12 of 564 comments (clear)

  1. Anyone know... by gowen · · Score: 5, Insightful

    ... the breakdown of that million by operating system?

    You never know, it might be a nice bit of PR for some Apple/Linux/BSD organisation to casually slip into a Press Release.

    --
    Athletic Scholarships to universities make as much sense as academic scholarships to sports teams.
    1. Re:Anyone know... by Grishnakh · · Score: 4, Insightful

      The only way to get a blue screen in them is to have a bad driver that will affect the system at the kernel level.

      Even if this is true, you're seriously downplaying this problem. With Windows, in order to use your computer at all, you're probably going to have to install vendor-written drivers for something, because there are no community-maintained drivers as there are for OSS OSes. MS does include some basic drivers for very common hardware, but almost any computer will have at least something that will require a vendor driver. History has shown us that these vendor-written drivers have a very poor record, and are known to cause a lot of problems on Windows systems.

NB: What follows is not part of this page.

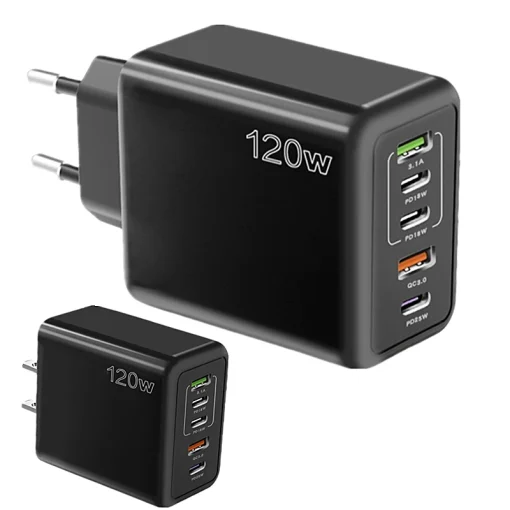 Зарядное устройство PD 120 Вт, 5 портов USB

      This alone is a good reason to avoid Windows. What good is it as an OS if you can't add various hardware (scanners, cameras, wireless ethernet, etc.) without expecting it to suddenly become unstable?

      It doesn't matter how great Ford engines are if they keep sticking tread-separating Firestone tires on their vehicles.

  2. Re:Why arent governments proacting agaisnt these n by MatthewNewberg · · Score: 5, Insightful

    Governments?, What about ISPs? They are the ones having to pay for the added bandwitdh on both sides. I'm surprised most ISPs dont run IDS that can detect Zoombie Networks and automatically send emails to its infected customers. This will not only pay for itself by reducing bandwidth, but also make the customers more happy.

    --
    mnewberg.com
  3. Re:Hope by jayhawk88 · · Score: 4, Insightful

    Well this is 1 million zombie-infected PC's, which are infected with specific types of trojans and such and presumably are actively being used in bot-nets.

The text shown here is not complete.